I closed the book and reached for the large manila envelope that Joerg Schauberger had given me before I left his home.

"Drawing No. 71," signed off on by Schauberger at Mauthausen, showed the simple innards of the Schaufelentwurf, the design for the shovel intake, that had bolted onto the top of the craft. I pressed the drawing flat, amazed that a thing of such organic grace should have come from a place that had once been the embodiment of evil. I thought, too, of the effect this must have had on the fragile psyche of the onetime forester, the man who had wanted to bequeath his grandchildren's generation— my generation — a limitless source of safe energy, to do good for the world, but who'd ended up working for the machinery of the Holocaust.

Chapter 22

The sun was just hitting the peaks of the Salzkammergut and the roads were all but empty. Two and a half hours to Munich airport via Bavaria, the cradle of Nazism, and I could box up this whole thing and head home. The beauty of the topography and the shadows of the past were inextricable. It was time to move forward again.

I now had a sequence of events that allowed many of the pieces to fall into place. I had seen the plans of a craft that had drawn on a source of energy that could not be explained by conventional science. The Germans, a people who knew the value of good engineering when they saw it, had had sufficient confidence in the technology to throw money and resources at it. When all else fails, follow the money. It rarely lies. It must have freaked the Americans out. At the end of the war, the U.S. Counter Intelligence Corps, the CIC, had spent nine months debriefing Schauberger. They would rapidly have come to realize that implosion technology had nothing to do with "nuclear" energy in the bomb sense, even though Schauberger himself described the processes at work as "atomic."

What they would have learned, however, would have been no less unsettling.

Schauberger believed that his machines were generating an antigravity effect whose power potential was unlimited.

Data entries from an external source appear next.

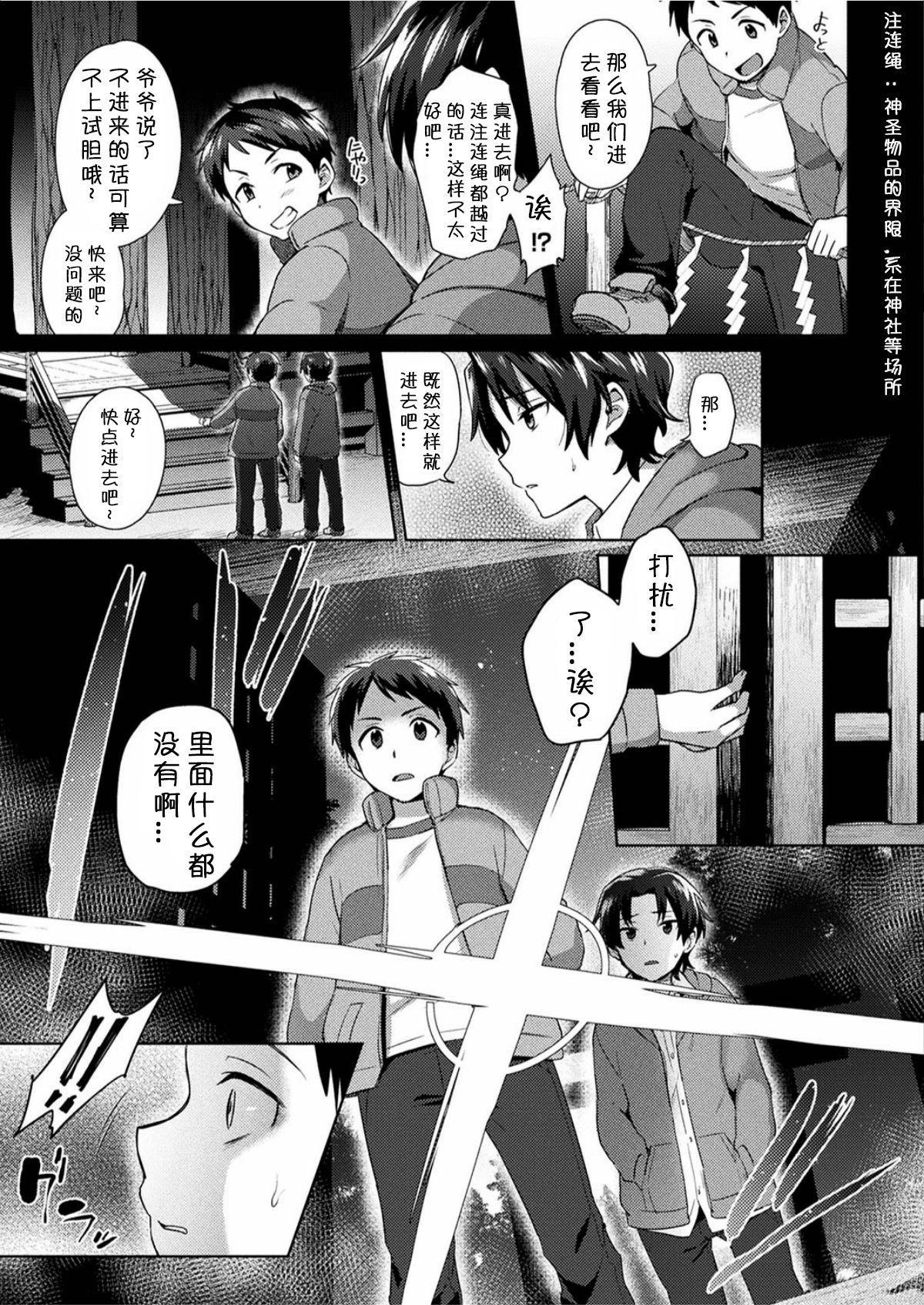 池下真上 女体化受胎 U村A君行方不明事件 コミックアンリアル 2017年6月号 Vol67 中国翻訳 DL版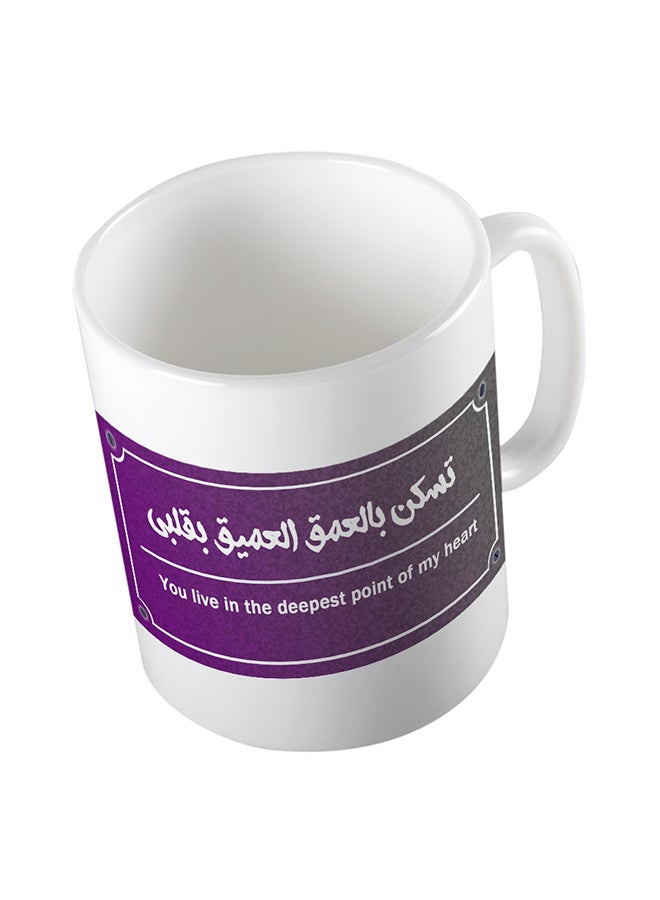كوب للشاي والقهوة من السيراميك أبيض/أرجواني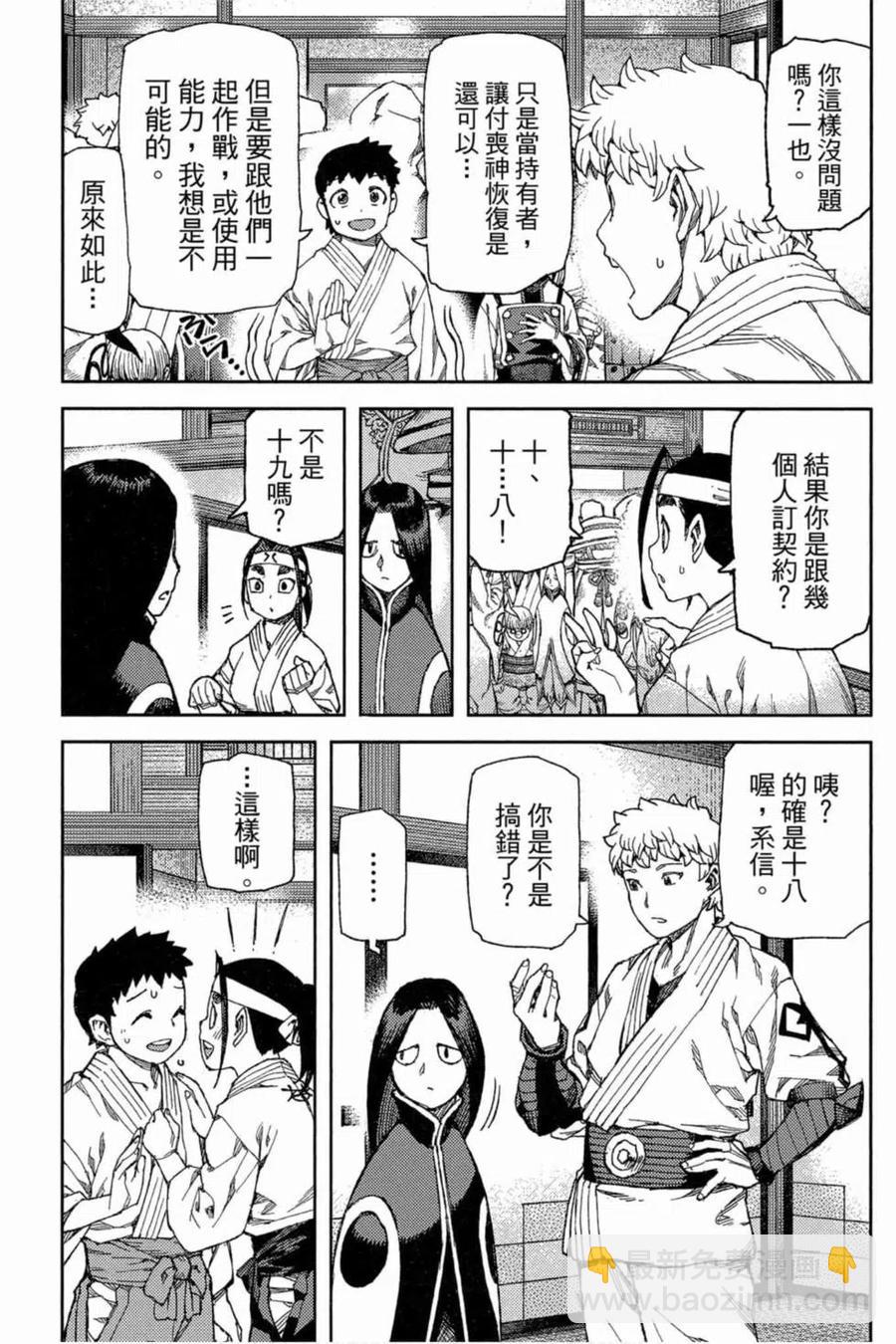 怪怪守護神 - 第18卷(2/4) - 6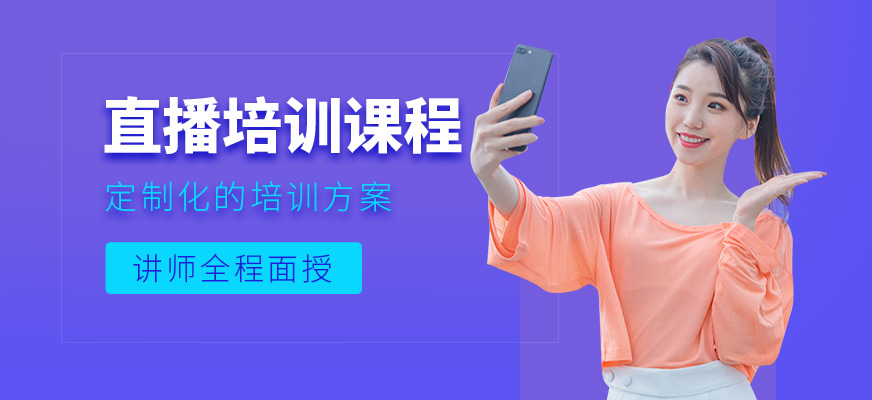 直播带货员培训班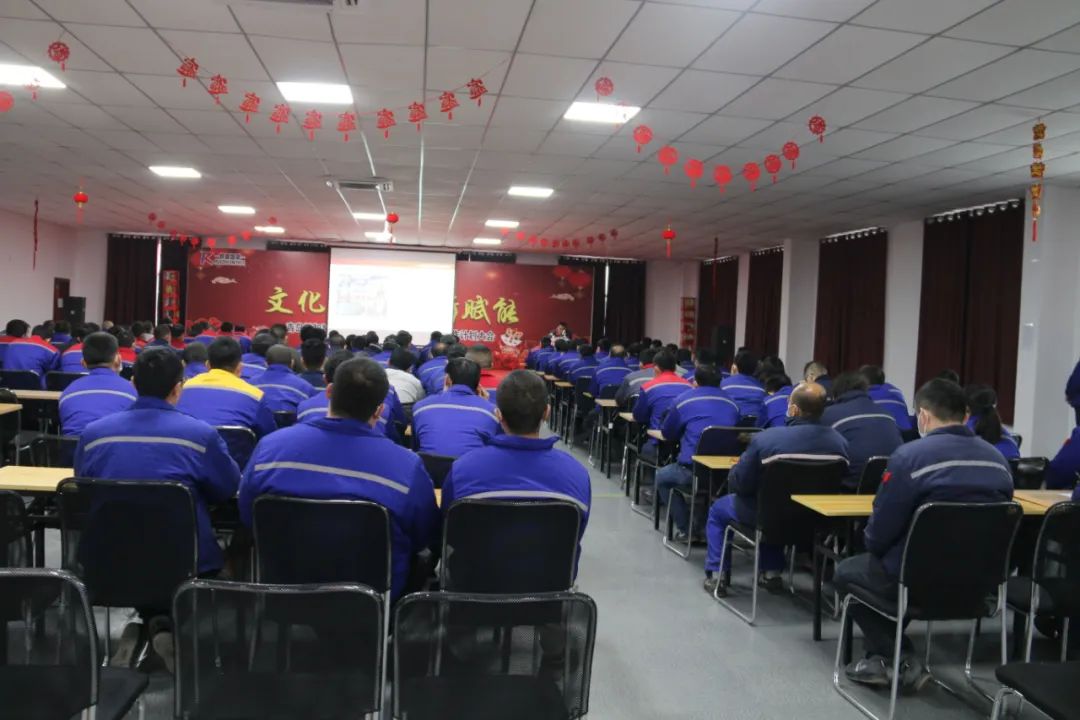 生產(chǎn)全員技能提升培訓(xùn)班開班啦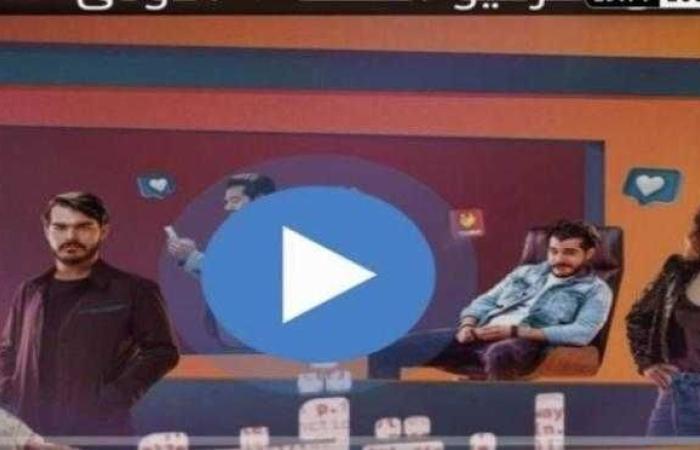 مسلسل انترفيو الحلقة 8 شاهد مباشر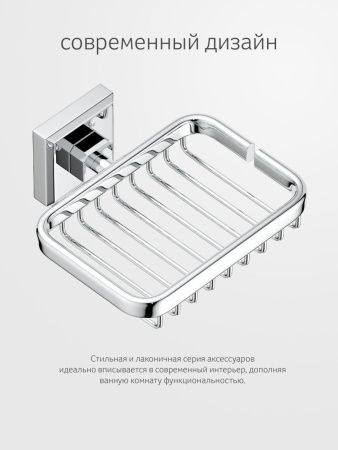 Мыльница Artwelle HAGEL 9924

The CIC agents would have had little comprehension of the mechanics of the device — why should they? — but somebody must have been spooked by it. Why else did they incarcerate the old man for nine months? Why else did they threaten him?

By the early part of 1946, following the debriefings and their admonition to Schauberger never again to involve himself in "atomic" science, the CIC would have had in its possession the rudiments of an entirely new propulsion medium — one that 18 months later would have allowed General Nathan Twining, head of the USAAF's Air Materiel Command, to admit to a subordinate in a classified memorandum that it was possible "within the present U.S. knowledge — provided extensive detailed development is undertaken — to construct a piloted aircraft" with the operating characteristics of a UFO; a craft that seemingly defied the laws of physics. What had happened to this knowledge? Part of the answer, I felt sure, lay in some curious synchronicity between the final months of Viktor Schauberger's life and events that had started to unfold at around the same time in quiet corners of the North American aerospace industry.

In the spring of 1958, Schauberger, by now 72 years old and in poor health, was visited by Karl Gerchsheimer, a German-American acting as an intermediary for a U.S. financier and multimillionaire named Robert Donner, who had heard of Schauberger's inventions and wanted to develop and implement them in America.

Gerchsheimer, a 55-year-old German living in the U.S.A., was a man with a colorful past. He left Germany in 1922, eventually settling in Texas in 1937. During the war, he appears to have been deeply involved in U.S. counterespionage activities, ending up as an intelligence agent, almost certainly for the CIC. From the war's end in 1945 to 1950, he was the U.S. civilian property administrator-in-chief in charge of all civil administration, logistics, transport and accommodation for the U.S. army of occupation, and in this role was described as "the most powerful nonmilitary individual in the U.S. zone." In 1950, he returned to the U.S., where he set up a metal fabrication business that ended up doing significant business, ironically, with NASA.